Chris's current work is focused on the predictability of winter seasonal climate over Europe, understanding links between European summer climate and its predictability and the West African Monsoon, and the predictability and operational prediction of average global temperature a year ahead. Chris uses results from the HadGEM family of models to guide research on winter predictability, and a range of observed data sets. Research on summer climate is currently focused on sources of predictability including links to the West African monsoon using models and observations. The global temperature research uses several observed global temperature data sets, a variety of other types of observed data, and El Niño forecasts from the GloSea4 seasonal forecast systems.
Chris also provides more general advice to the Heads of Seasonal to Decadal Prediction and Climate Monitoring and Attribution. In addition, he collaborates, as co-chair, with the Director of the Centre for Ocean Land Atmosphere Studies, Maryland, USA, on the WCRP-CLIVAR C20C project. This international modelling project is concerned with simulating and studying the mechanisms and predictability of observed climate variability and aspects of climate change.
After obtaining a BSc(Hons) in Physics at Reading University in 1966, Chris joined the then National Institute of Oceanography working on deep ocean currents, including two spells at sea. Joining the Met Office in 1968, after training he went to the Operational Instrumentation Branch in 1969. He became the manager of its Sensor Development group in 1970 developing surface instruments including the earliest usable humidity measurements on ocean buoys.
Chris joined the Synoptic Climatology Branch in 1974, working on climate change and operational monthly forecasting. Promoted in 1976, he became a manager in the Agriculture and Hydrometeorology branch of hydrometeorological research and related commercial activities. Most important was serving as Met Office representative 1976-1980 on the National Working Group on the Hydraulic Design of Storm Sewers, involving interactions with leading civil engineers. He rejoined the Synoptic Climatology Branch in 1980, managing the development of UK monthly long-range forecasts, the global sea surface and night marine air temperature data sets, and some work on climate change. He introduced tropical seasonal forecasting into the Met Office in 1986.
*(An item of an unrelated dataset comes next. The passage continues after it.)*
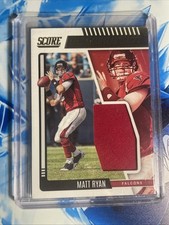 2022 Score - Freshman Flashbacks Relics Matt Ryan #FF25 (MEM)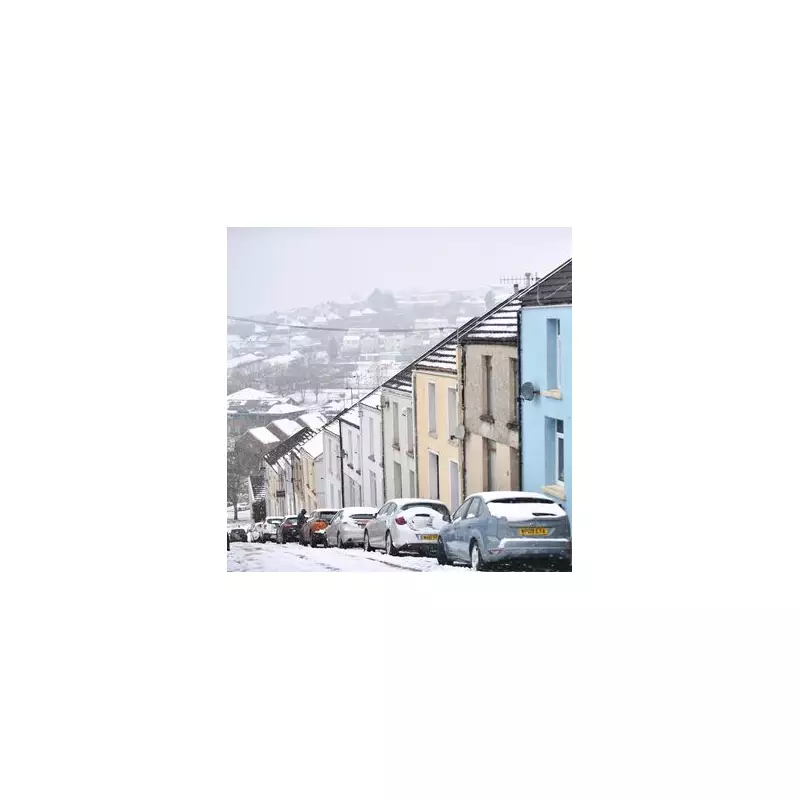 UK Snow Alert: Heavy Snowfall Forecast for Scotland, Wales and Northern England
After an exchange visit to the Climate Analysis Centre in Washington DC, USA in 1988-1989, he joined the Met Office Hadley Centre in 1990 as an Individual Merit scientist (Met Office Fellow) and Head of Climate Variability, later Climate Variability and Forecasting. His main activities, many collaborative, were in climate change and variability, data set development and applied climate modelling. He served four times as a Lead Author for the IPCC.
Throughout his career, Chris has been involved in a wide range of WMO activities. He retired in April 2008 to take his current position the following June.